▶ **What you should do**:
Pictures aside, repeat all the entries below exactly as they appear.

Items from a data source
· · · ·

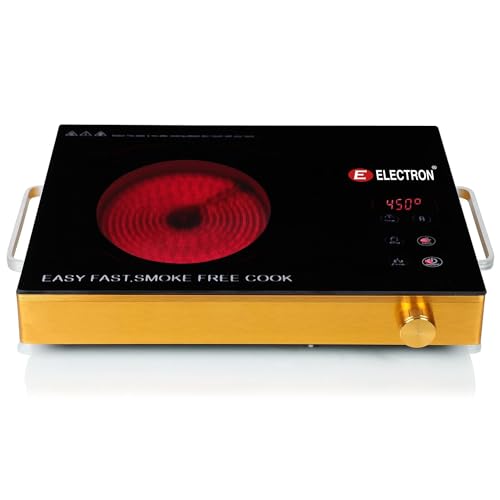 Image of ELECTRON Infrared Cooker IF-01 Cooktop 2000 Watts with Grill Black (All Utensils Useable)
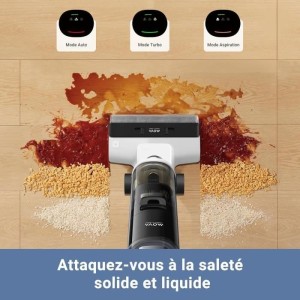 Mopp-Staubsauger – DREAME MOVA K20 – 200 W – 30 Min. – Wasser und Staub – Weiß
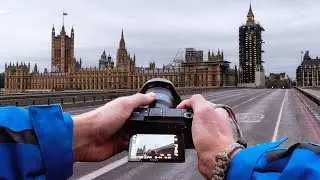 Satisfying 21 Minutes of POV Street Photography (lockdown) | London // SONY a6500 + 18-105 F4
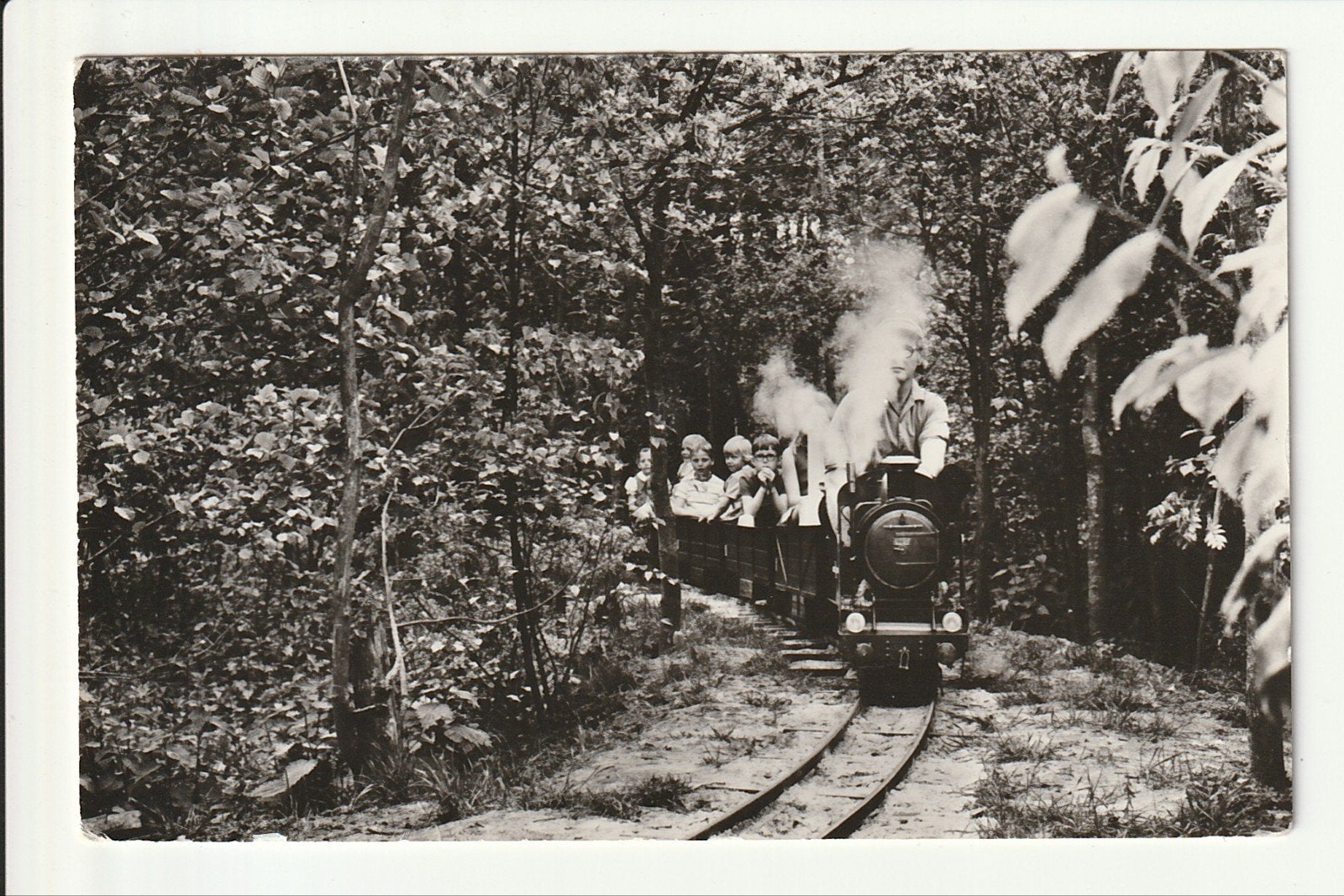 LEEK JEUGDPARK NIENOORD SPOORWEGEN MINIATUUR STOOMTREIN KIDS, Ophalen of Verzenden, 1960 tot 1980, Gelopen, Groningen
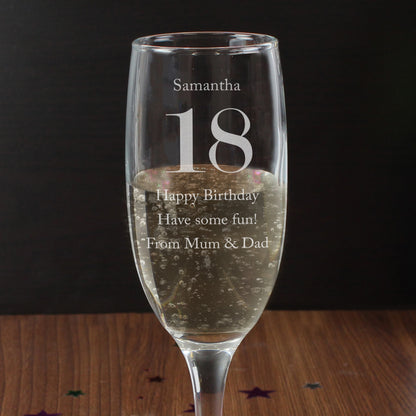 Personalised Birthday Big Age Flute - MK&JD Gifts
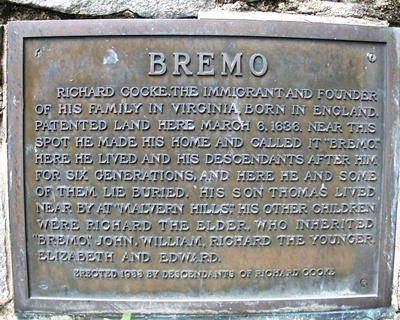 Bremo plaque.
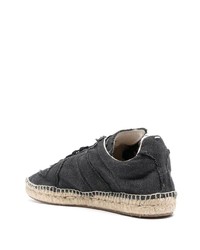 Baskets basses en toile gris foncé Maison Margiela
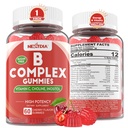 B Kompleksi Gummies, Vegan Vitamin B Gummies with 2000 mcg Torch B12, Metil Folate | Plus Choline + Inositol, C + çinko for Supports Energy, Mood, Immune, Health, Skin - 60 Cts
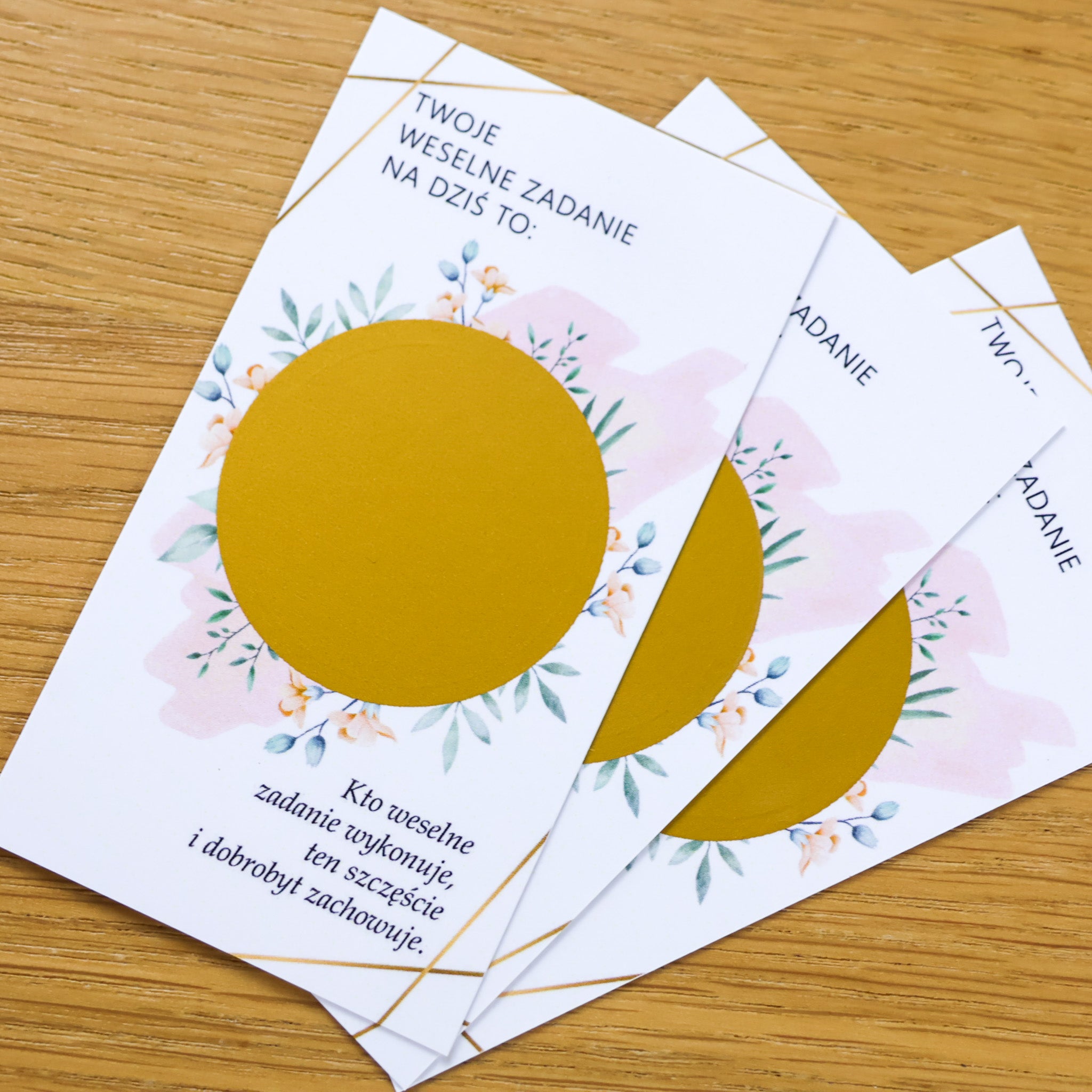 Zdrapki Weselne - Zadania dla Gości Weselnych (PASTELE)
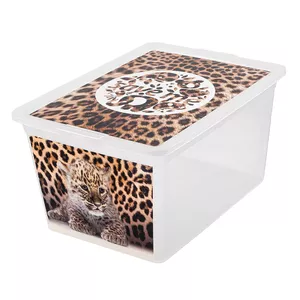 Storage box Branq X box deco Pantera 30L — plastic organizer for home and office, 30 litres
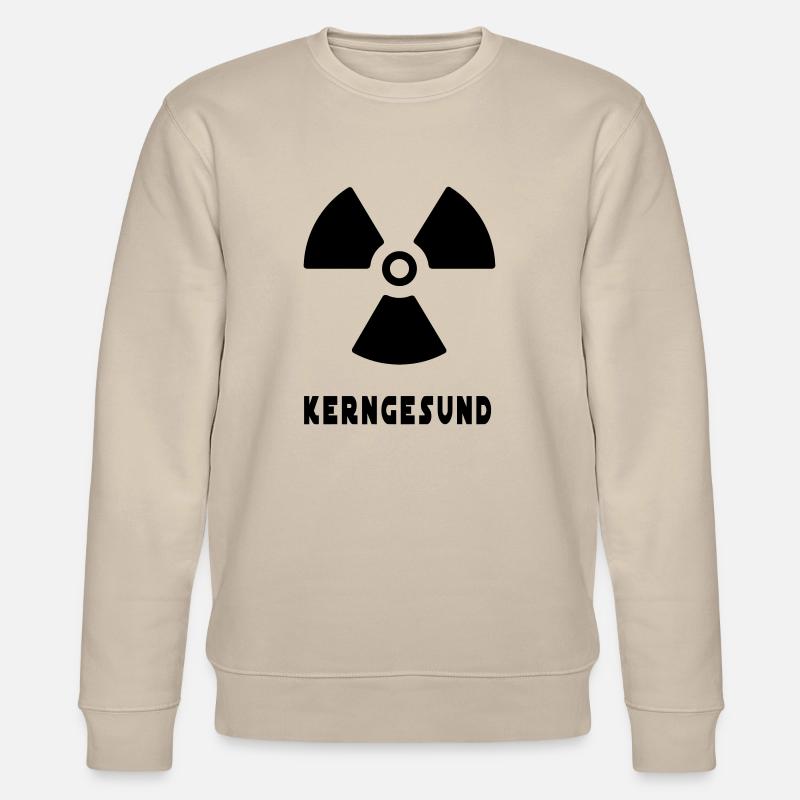 Kerngesund - Stanley/Stella Unisex Bio-Sweatshirt CHANGER  - Beige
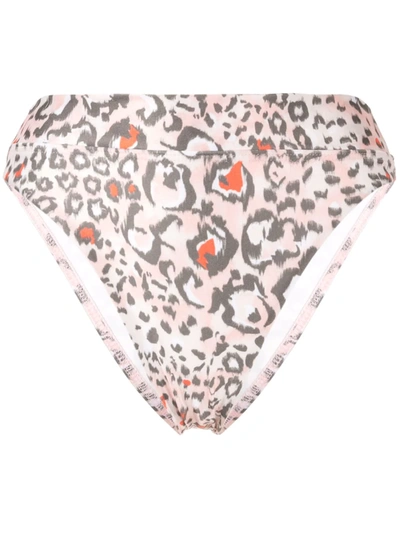 Suboo Uma Leopard-print Super High Bottoms In Pink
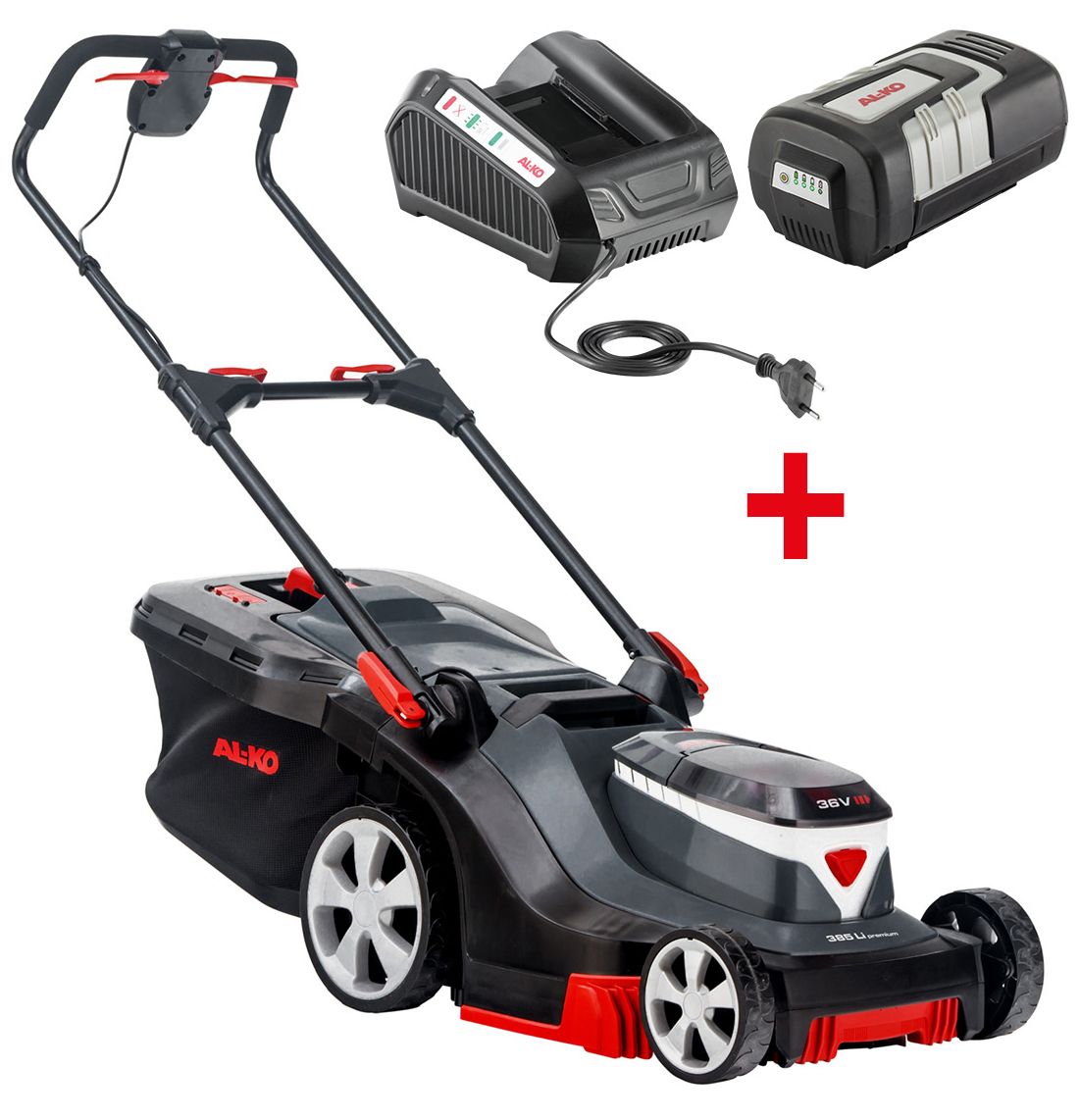 AL-KO Energy Flex 36V 385 Li Premium akkumulátoros fűnyíró (1 x 5.0 Ah Li-ion akkuval) termék fő termékképe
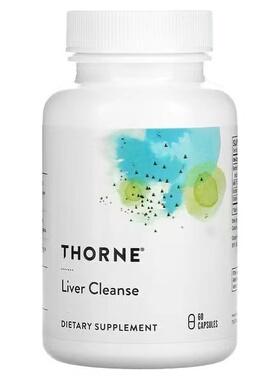美国Thorne Research Liver Cleanse 清肝胶囊 60粒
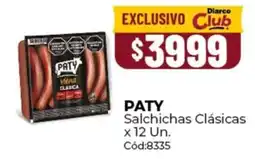 Diarco Paty salchichas clásicas oferta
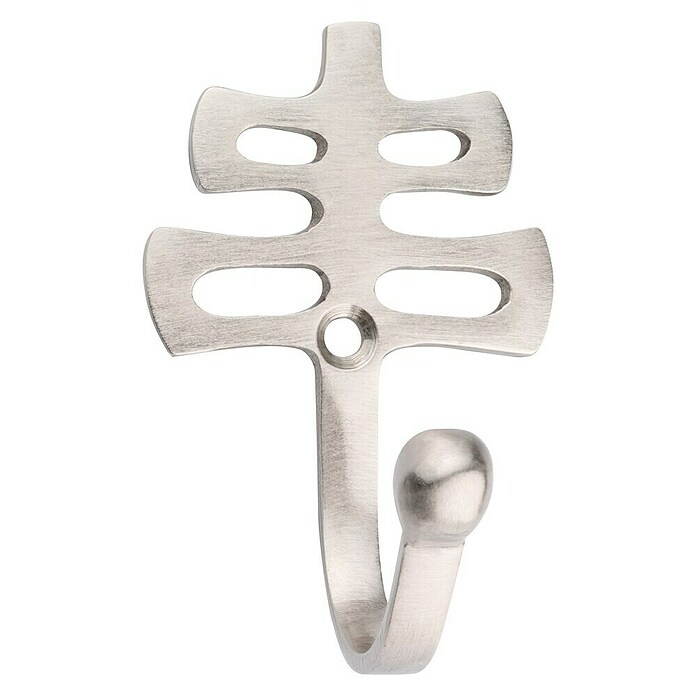 Inofix Gancho para colgar 3750 (An x Al: 4,1 x 6,6 cm, Latón, Niquelado)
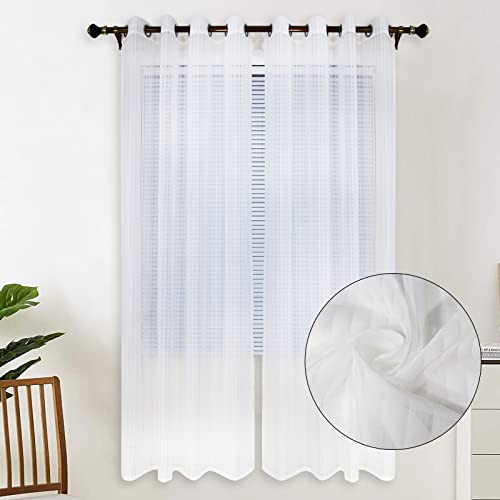 ZJXSNEH Gardinen mit Öse, halbtransparente Vorhänge, 1 Bahnen, Sichtschutz hinzugefügt, weiche Vorhänge für Schlafzimmer/Wohnzimmer/Schiebetüren Jalousie (Breite x Hoch) B420cm x H240cm x 1PC von ZJXSNEH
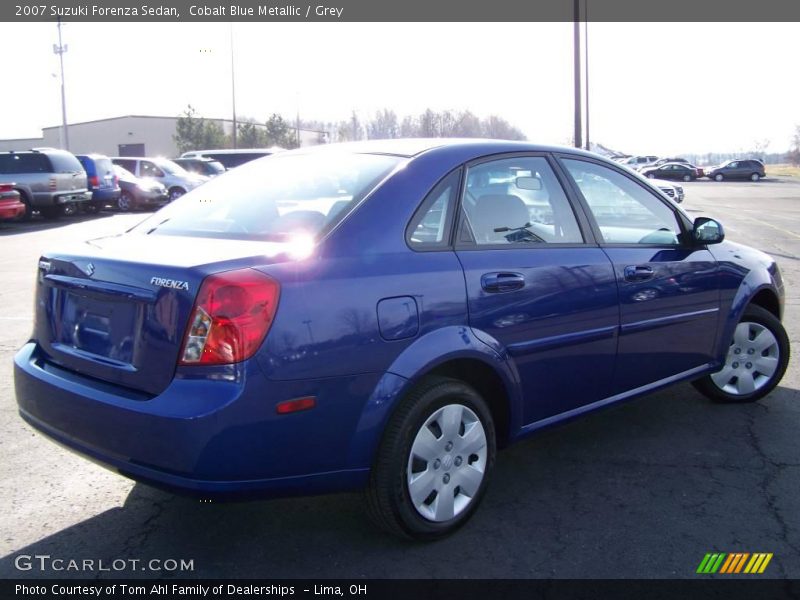 Cobalt Blue Metallic / Grey 2007 Suzuki Forenza Sedan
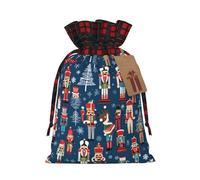 JIAGLINDE Women'S Nutcracker Ballet Xmas Dance Print Christmas Gift Bags Xmas Present Bags With Gift Tag Halloween Candy Bags For Wrapping Gifts For Birthday Wedding (S/M)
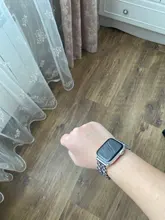 Correa de acero inoxidable para Apple Watch serie 5, 4, 3, 2, 38mm, 42mm, 40mm, 44mm, banda de Metal para iWatch 5, 4, 3, 2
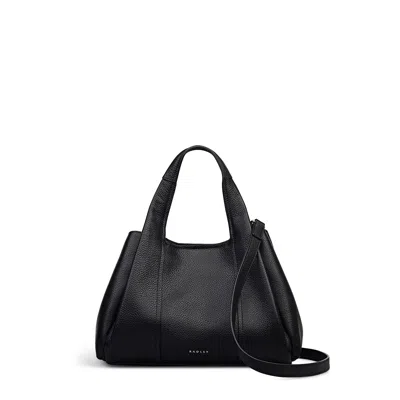 Radley Stanhope Square Small Ziptop Satchel Bag In Black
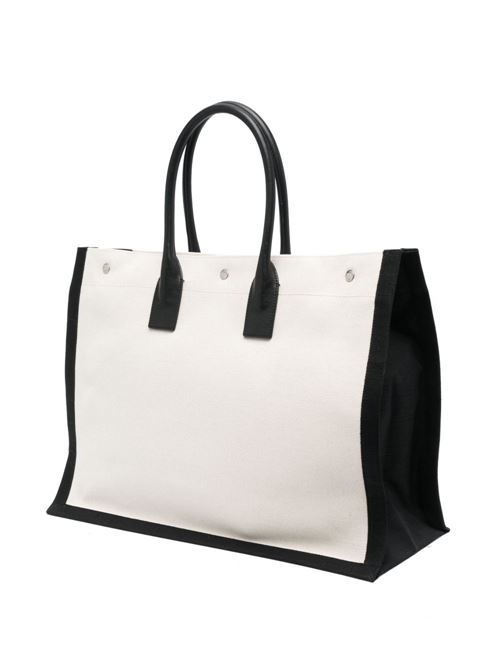 Rive Gauche Large Canvas Tote Bag SAINT LAURENT | 509415FAAVU9083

· · · ·

▶ **Worked solution**:
 Image of ELECTRON Infrared Cooker IF-01 Cooktop 2000 Watts with Grill Black (All Utensils Useable)
 Mopp-Staubsauger – DREAME MOVA K20 – 200 W – 30 Min. – Wasser und Staub – Weiß
 Satisfying 21 Minutes of POV Street Photography (lockdown) | London // SONY a6500 + 18-105 F4
 LEEK JEUGDPARK NIENOORD SPOORWEGEN MINIATUUR STOOMTREIN KIDS, Ophalen of Verzenden, 1960 tot 1980, Gelopen, Groningen
 Personalised Birthday Big Age Flute - MK&JD Gifts
 Bremo plaque.
 Baskets basses en toile gris foncé Maison Margiela
 B Kompleksi Gummies, Vegan Vitamin B Gummies with 2000 mcg Torch B12, Metil Folate | Plus Choline + Inositol, C + çinko for Supports Energy, Mood, Immune, Health, Skin - 60 Cts
 Zdrapki Weselne - Zadania dla Gości Weselnych (PASTELE)
 Storage box Branq X box deco Pantera 30L — plastic organizer for home and office, 30 litres
 Kerngesund - Stanley/Stella Unisex Bio-Sweatshirt CHANGER  - Beige
 Suboo Uma Leopard-print Super High Bottoms In Pink
 AL-KO Energy Flex 36V 385 Li Premium akkumulátoros fűnyíró (1 x 5.0 Ah Li-ion akkuval) termék fő termékképe
美国Thorne Research Liver Cleanse 清肝胶囊 60粒
 Diarco Paty salchichas clásicas oferta
 Inofix Gancho para colgar 3750 (An x Al: 4,1 x 6,6 cm, Latón, Niquelado)
 ZJXSNEH Gardinen mit Öse, halbtransparente Vorhänge, 1 Bahnen, Sichtschutz hinzugefügt, weiche Vorhänge für Schlafzimmer/Wohnzimmer/Schiebetüren Jalousie (Breite x Hoch) B420cm x H240cm x 1PC von ZJXSNEH
 Cobalt Blue Metallic / Grey 2007 Suzuki Forenza Sedan
 JIAGLINDE Women'S Nutcracker Ballet Xmas Dance Print Christmas Gift Bags Xmas Present Bags With Gift Tag Halloween Candy Bags For Wrapping Gifts For Birthday Wedding (S/M)
 Correa de acero inoxidable para Apple Watch serie 5, 4, 3, 2, 38mm, 42mm, 40mm, 44mm, banda de Metal para iWatch 5, 4, 3, 2
 Radley Stanhope Square Small Ziptop Satchel Bag In Black
 Rive Gauche Large Canvas Tote Bag SAINT LAURENT | 509415FAAVU9083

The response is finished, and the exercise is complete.